After the training, he said, the guards will be vetted and then taken through security assessment before being given licences and internationally accredited certification to offer security services, processes which will enable them to own the firearms.

The director-general explained that the training will be for specific assignments, including offering protection for very important persons and security for cash in transit.

There will be a yearly and mandatory refresher course as the guards will be tasked with escorting cash and other valuables for various institutions and individuals.

“We are acquiring international accreditation for such trainings so that by the time the authority issues you with licences, you will be able to seek jobs even in Dubai, London and Qatar,” he told the guards.

“We are not going to arm everybody … only those who will be given such assignments.”

Mr Mahamed said the guards will not be allowed to take the weapons home – they will leave them with their employers, who will have proper armouries.

“The companies will be licensed and [must also have] properly trained security personnel,” he said.

In May, Interior Cabinet Secretary Fred Matiang’i directed the State agency to immediately start working on the training programme.

He said all private security guards are to be issued with guns as part of a new strategy to fight crime and provide help for police officers.

The minister said the plan will only take effect when the PSRA finishes forming regulations.

At the time, the CS proposed that private security firms take the jobs of securing cash in transit in three months.

His proposal came after the April approval, by the National Security Advisory Committee, of the proposal to arm the guards.

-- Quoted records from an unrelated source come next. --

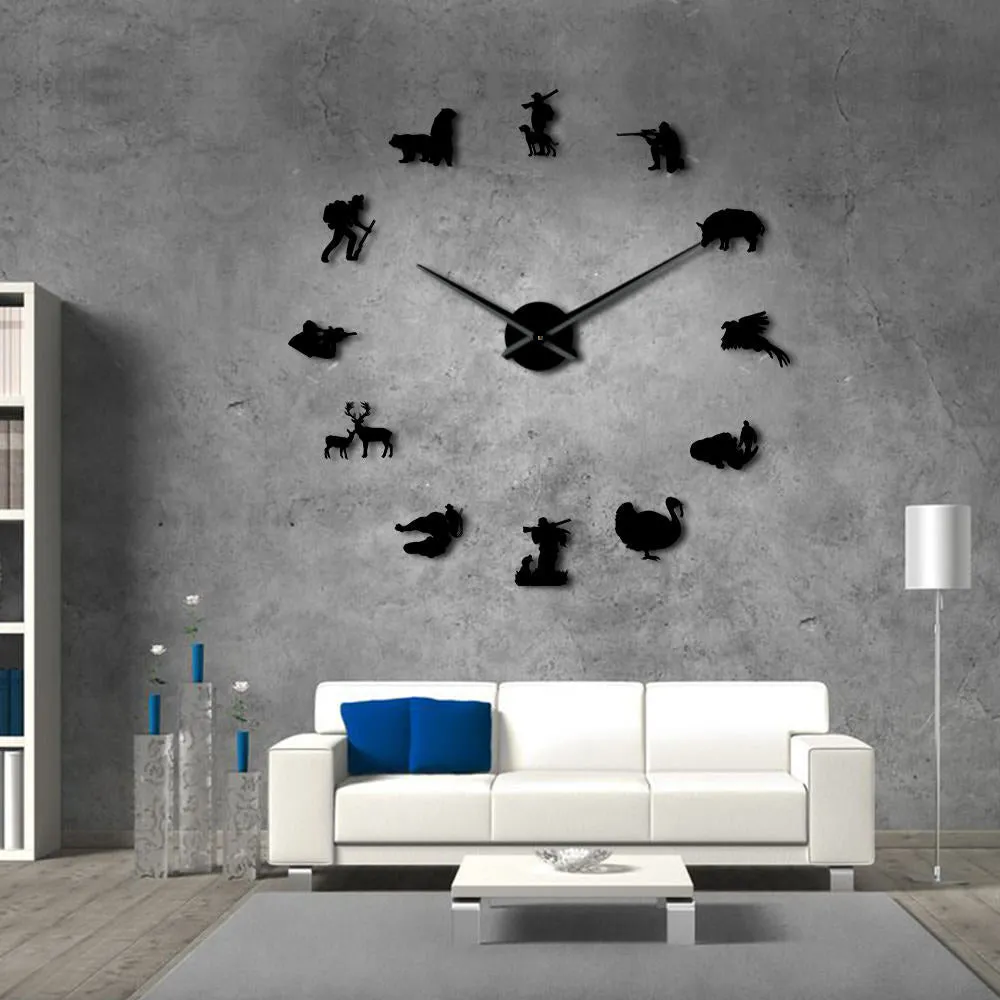 Hunting DIY Giant Wall Clock Animal Hunters Exclusive Big Time Clock Watch Hunting Club Wall Decor Mirror Effect DIY Wall Art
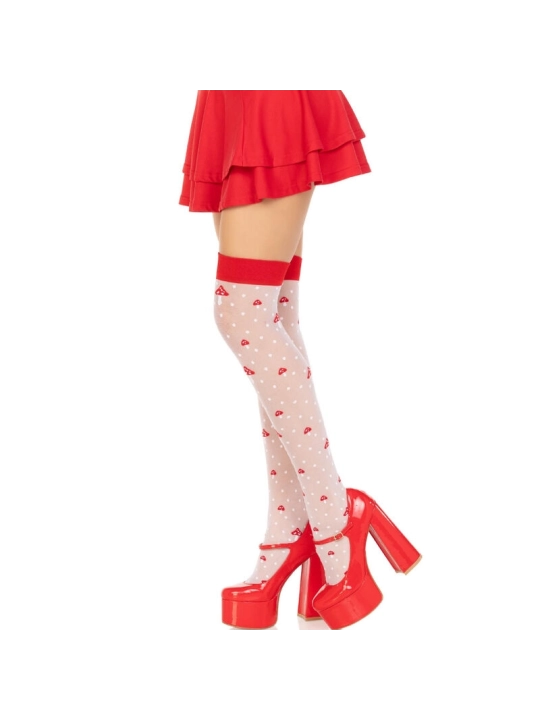 Pilz Hohe Socken Rot/Weiss von Leg Avenue Hosiery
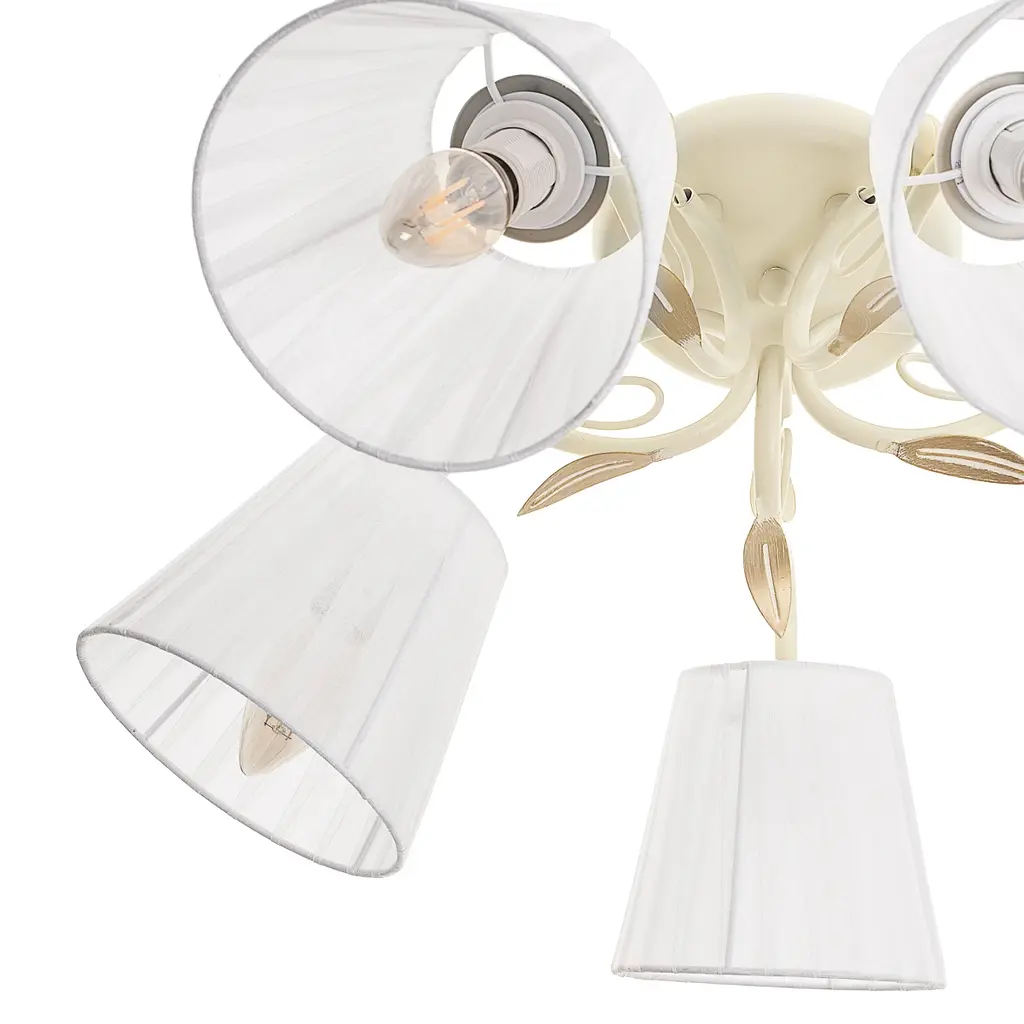 Люстра потолочная Brille с абажуром E14 40W WH (BKL-671C/5) - фото 2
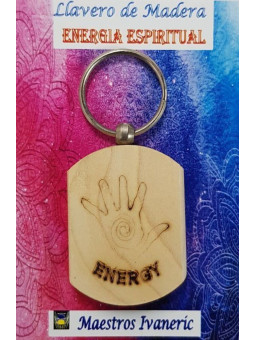 Schlüsselanhänger aus Holz mit spirituellem Energiesymbol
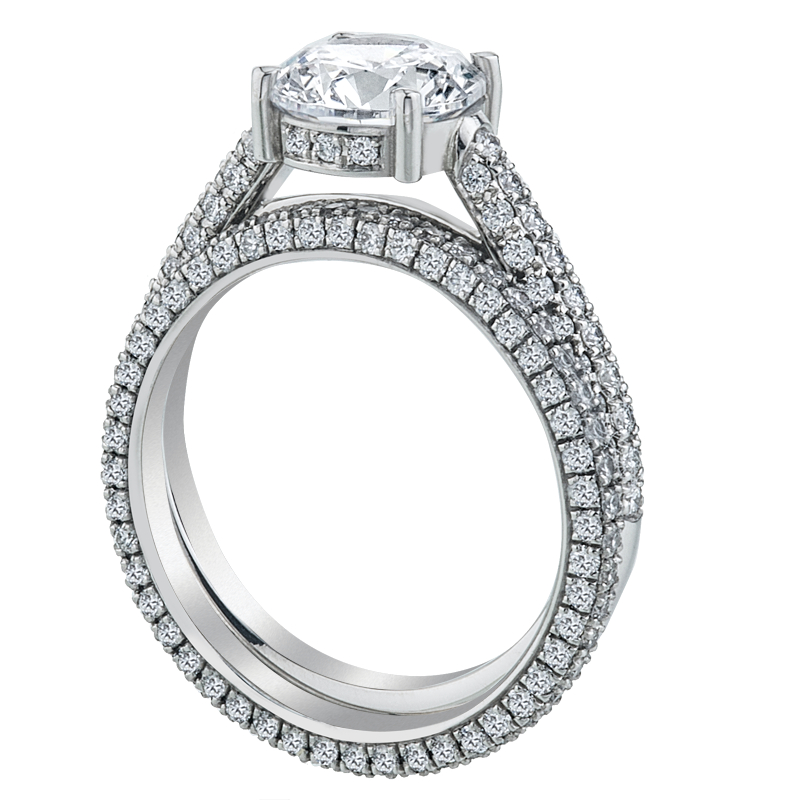 Three-Sided Eternity Micro-Pave Set Platinum Band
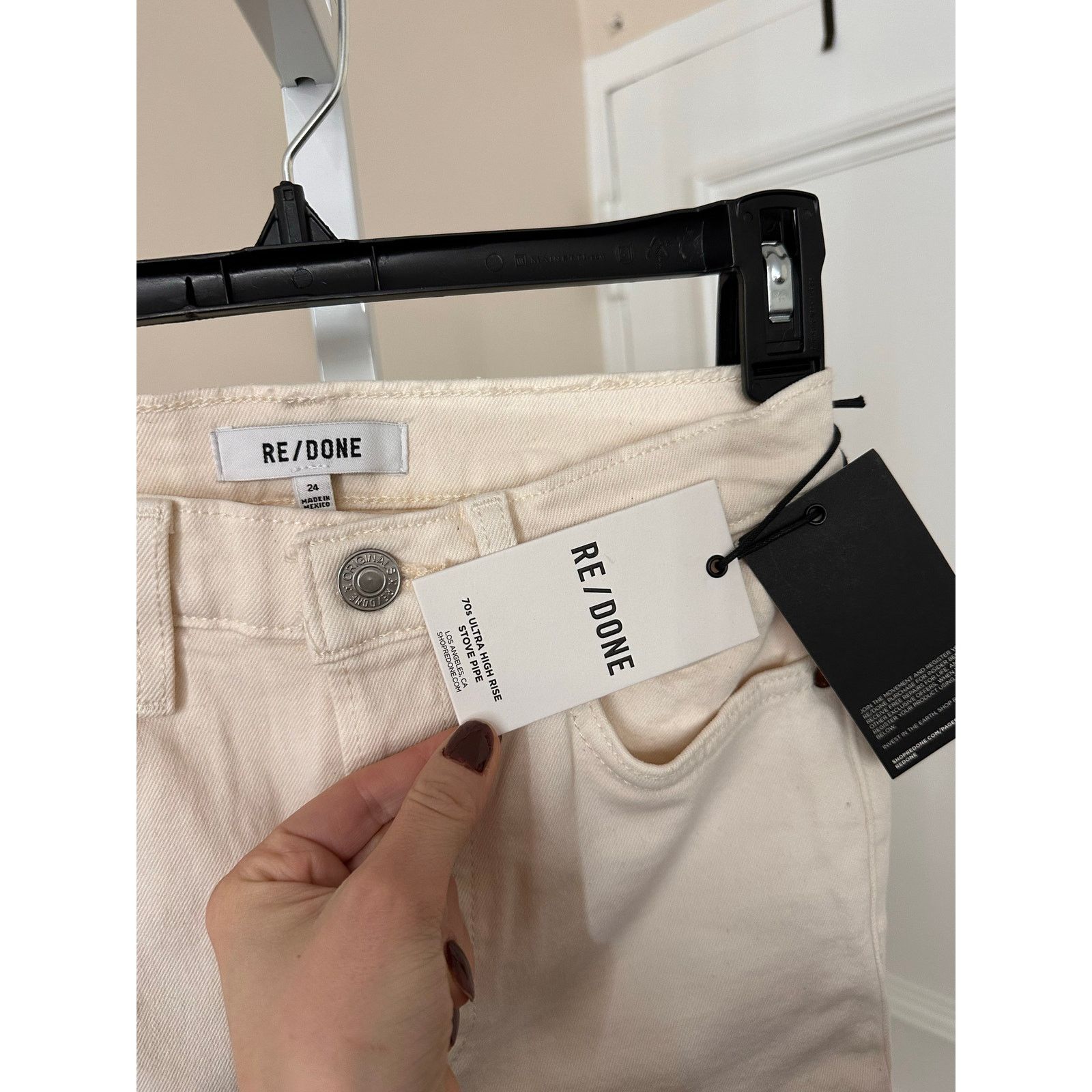 RE/DONE NWT Re/Done 70s Stove Pipe Hi Rise Straight Leg size 24 Size 24" / US 00 / IT 34 - 8 Thumbnail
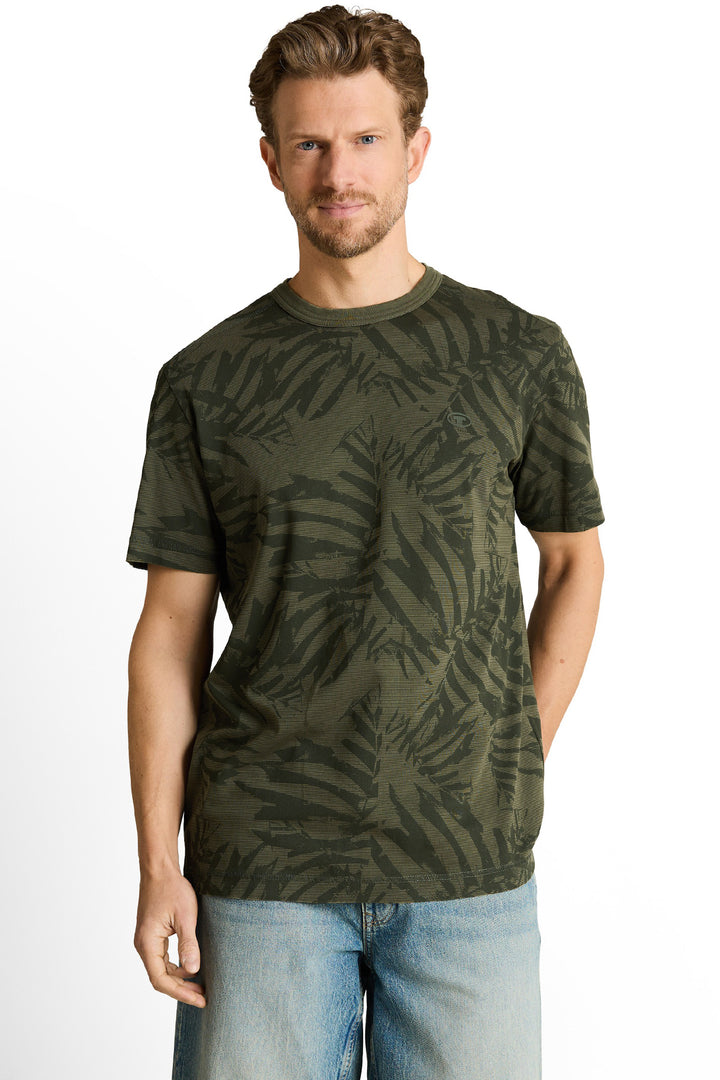 T-shirt à imprimé tropical ton sur ton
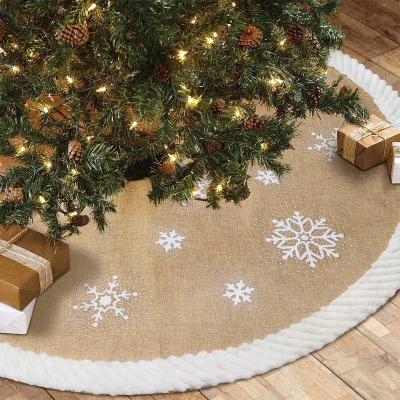 China OEM 48inch Christmas Home Decoration Snowflake New Year Christmas Tree Mat With Glitter Canvas Skirt for sale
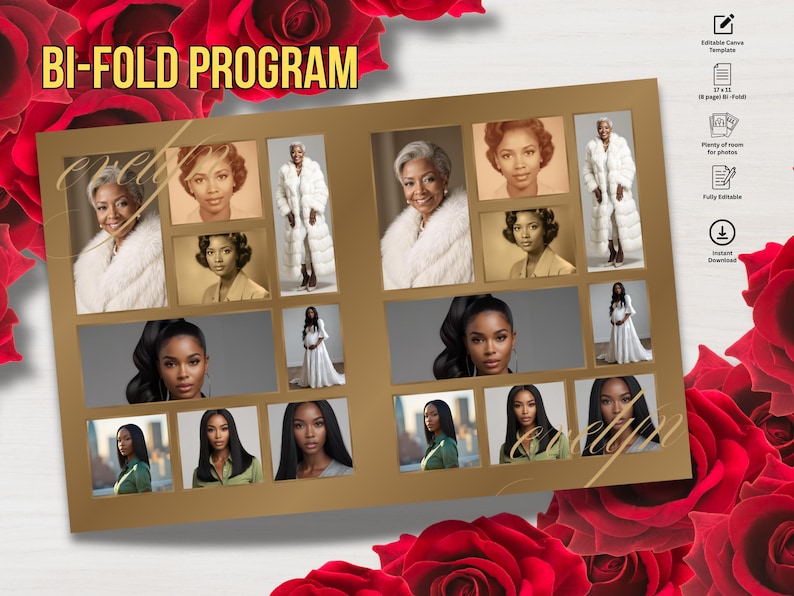 May include: A gold bi-fold program template with multiple portrait photos. The text "BI-FOLD PROGRAM" is at the top. The template includes space for photos and text, with a floral background.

This is currently the responsibility of the Administration Police service.

Dr Matiang’i said the government will issue gun licences to vetted companies, which will then arm their personnel.

“We are in the process of creating a centralised data system of all guards in the country so that their activities and tasks are well coordinated,” he added.

On minimum wages, the PSRA warned that private security firms that do not comply with the directive for an increment risk losing their licences.

Mr Mahamed said the agency will issue neither certificates nor licences to those who ignore the order that President Uhuru Kenyatta during Labour Day celebrations.

The director said the authority was working with the Public Procurement Regulatory Authority (PPRA) and the National Treasury on payment regulations.

“We will advise the government to declare as unresponsive, anybody who goes below a certain level,” he said.

Concerning permits, Mr Mahamed said the companies will renew their licences every year, a process which will enable the regulator to ensure they adhere to regulations in the Private Securities Regulations Act of 2018

“If you apply for the first time and comply with the minimum wage requirement but fail to do so the second time, we will catch up with you during the renewal,” he said.

He added, “I will not issue a certificate to any company that does not pay the minimum wage. We will also not licence them. I will also stop further registration of private security companies until I make existing ones complaint,” he said.

The minimum wage issue will be the priority in 2019, Mr Mahamed went on to say, noting that Section 9 (q) of the law empowers the agency to enforce the requirement.

The agency will soon finish work on the Act so public participation on its contents will take place in January.

It is developing a code of conduct that will see private security guards uniformed for easy identification and regulation.

In addition, Mr Mahamed said, the authority will look to partner with Huduma Centres for the registration of the more than 500, 000 private guards countrywide.

This will save them trips to Nairobi for the registration during which they will be issued with unique identification numbers as is the case with police officers.

“If I send that number to a bulk SMS system, it will send a message containing your name, the company you are under and where you are based,” he told the watchmen.